ACTIVITY: Reproduce the records exactly, but not the pictures.

Pictures with short captions:
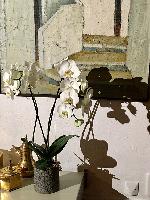 "Orchides" © Bernard Peltier - 2025. Tout droit de reproduction interdit sans l'autorisation de l'artiste.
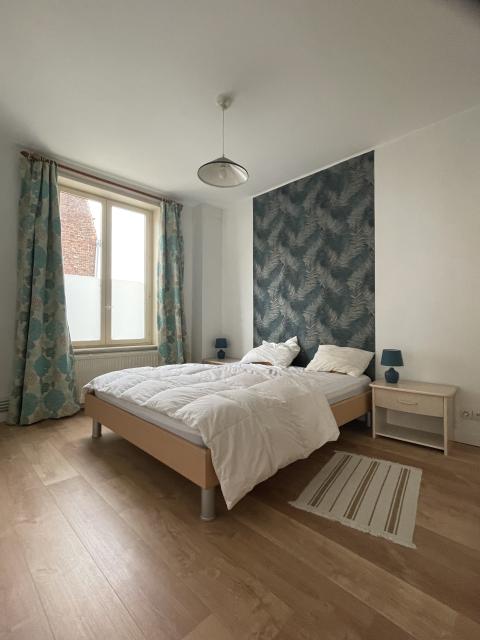 Location appartement T3 Lille - Photo 5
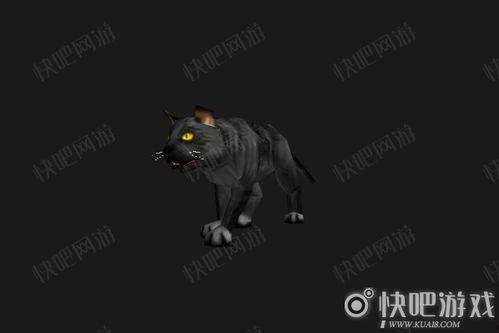 wow猫服吃瓜,揭秘魔兽世界中的“吃瓜”风云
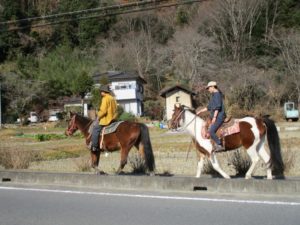 IMG_4653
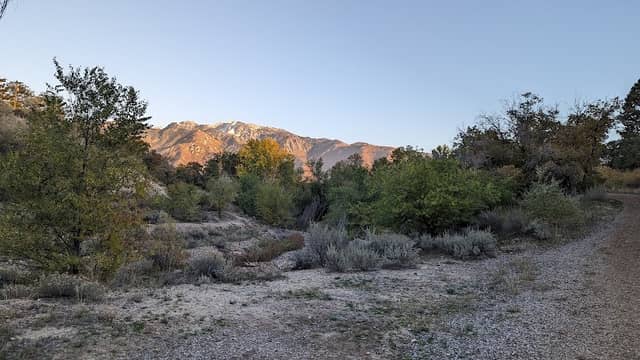 Dimple Dell Regional Park - Image 2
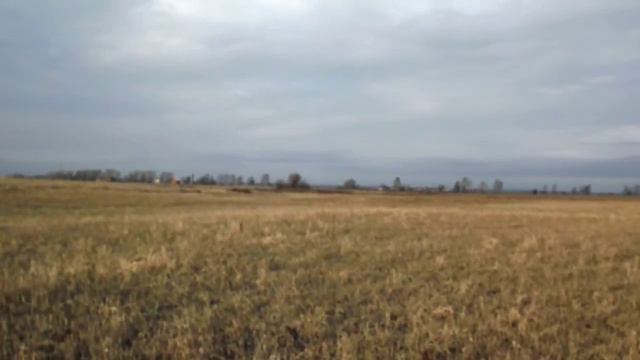 Курцхаар Райт и пойнтер Готье смотреть онлайн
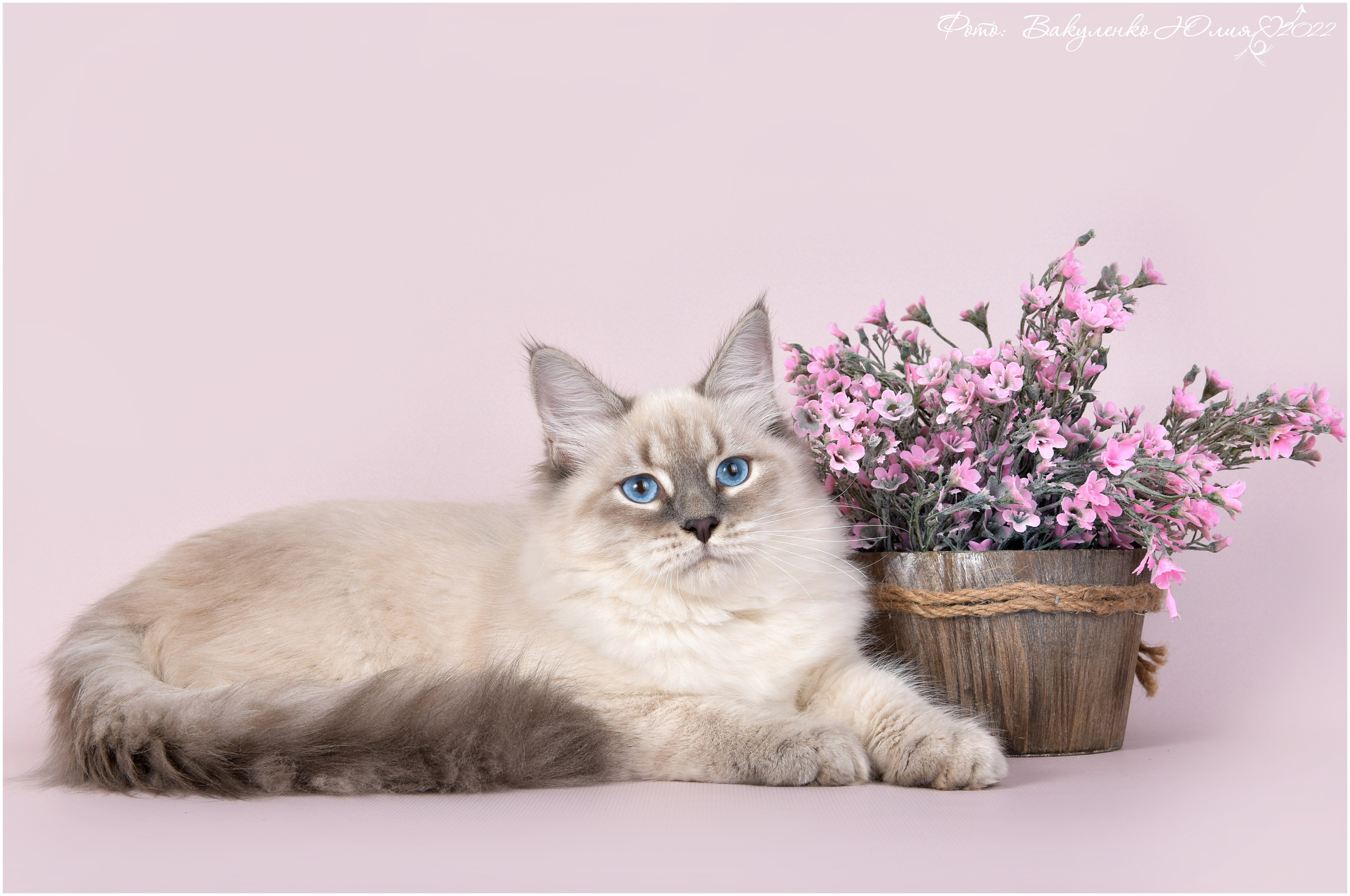 Взрослые. Фотограф анималист | семейный Юлия Вакуленко, г. Краснодар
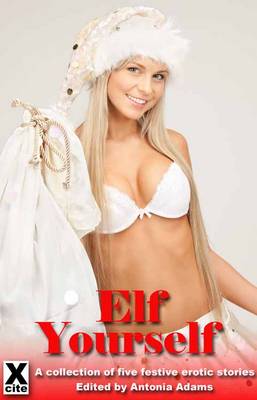 Book cover for Elf Yourself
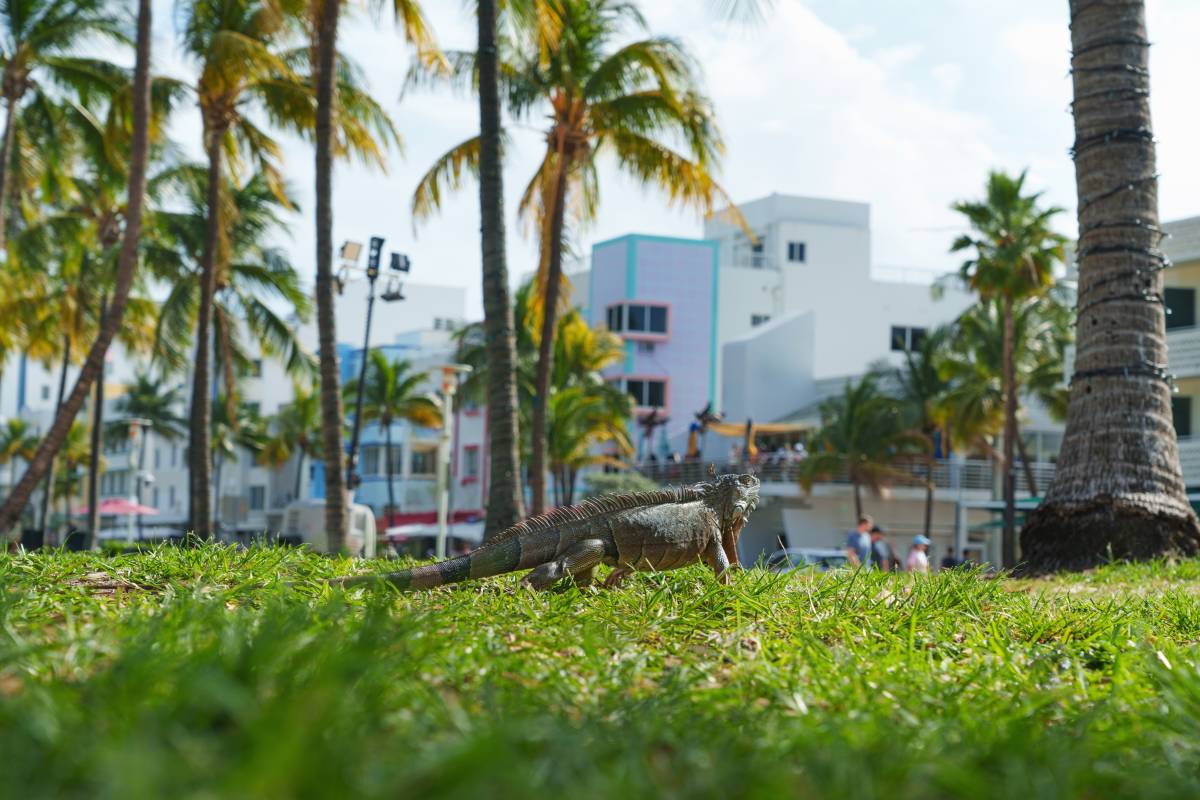 Miami just smashed a 117-year-old temperature record
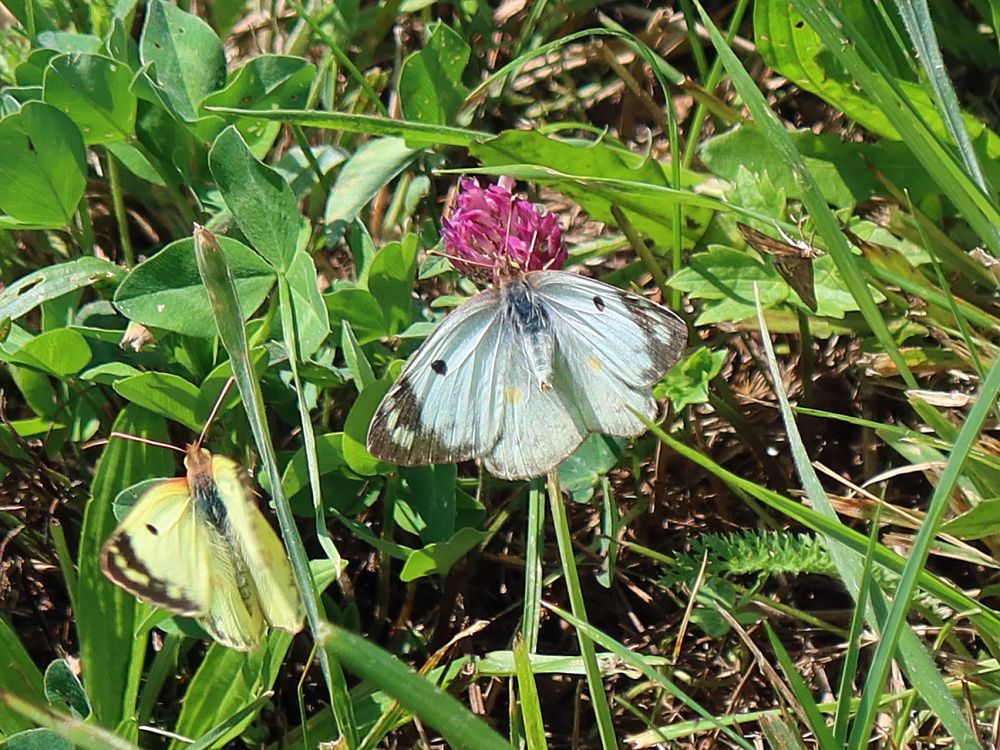 Schmetterling Kohlweissling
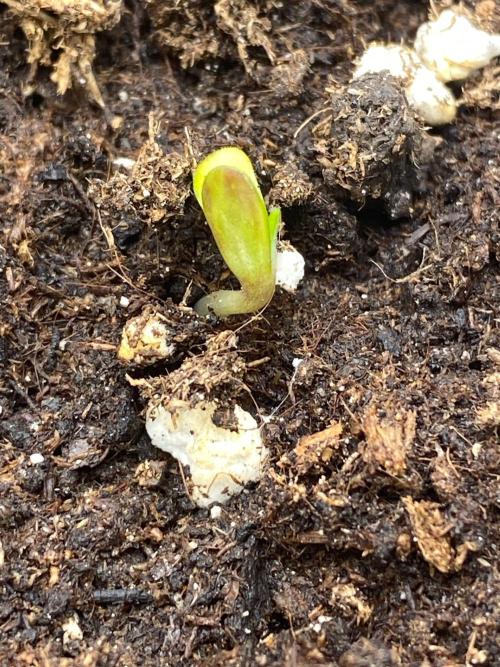 Divine Rapier auto v1. Week 1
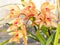 Spring flowers, Beautiful Cymbidium orchid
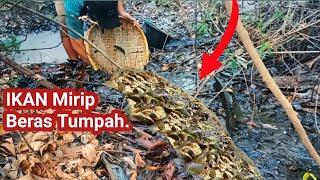 Rawa Belum Terjamah Manuals  Di Kuras Stelah Kering Lihat Ikan Nya Bikin Merinding.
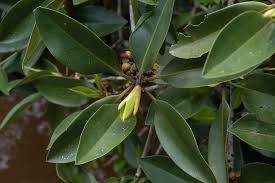 Image result for Rhizophoraceae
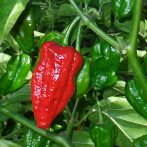 Naga Morich chili paprika mag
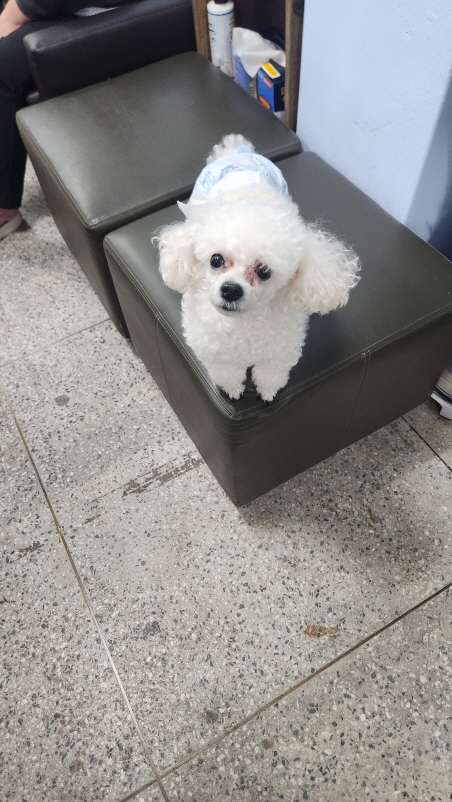 익산유기동물보호소_445468202402917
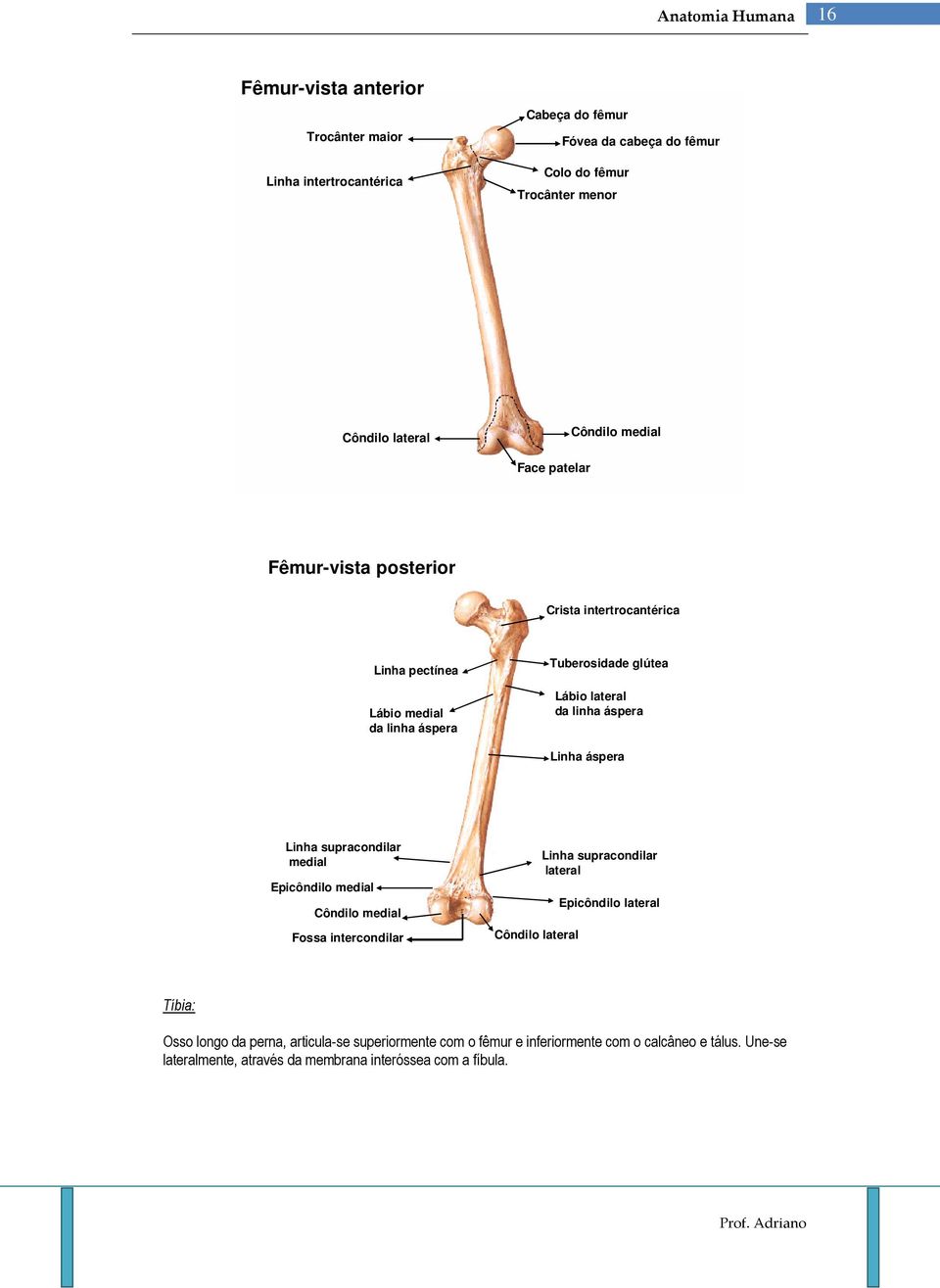 Linha áspera Linha supracondilar medial Epicôndilo medial Côndilo medial Fossa intercondilar Côndilo lateral Linha supracondilar lateral Epicôndilo lateral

WRITTEN RESPONSE:
 "Orchides" © Bernard Peltier - 2025. Tout droit de reproduction interdit sans l'autorisation de l'artiste.
 Location appartement T3 Lille - Photo 5
 wow猫服吃瓜,揭秘魔兽世界中的“吃瓜”风云
 IMG_4653
 Dimple Dell Regional Park - Image 2
 Курцхаар Райт и пойнтер Готье смотреть онлайн
 Взрослые. Фотограф анималист | семейный Юлия Вакуленко, г. Краснодар
 Book cover for Elf Yourself
 Miami just smashed a 117-year-old temperature record
 Schmetterling Kohlweissling
 Divine Rapier auto v1. Week 1
 Spring flowers, Beautiful Cymbidium orchid
 Rawa Belum Terjamah Manuals  Di Kuras Stelah Kering Lihat Ikan Nya Bikin Merinding.
 Image result for Rhizophoraceae
 Naga Morich chili paprika mag
 익산유기동물보호소_445468202402917
 Linha áspera Linha supracondilar medial Epicôndilo medial Côndilo medial Fossa intercondilar Côndilo lateral Linha supracondilar lateral Epicôndilo lateral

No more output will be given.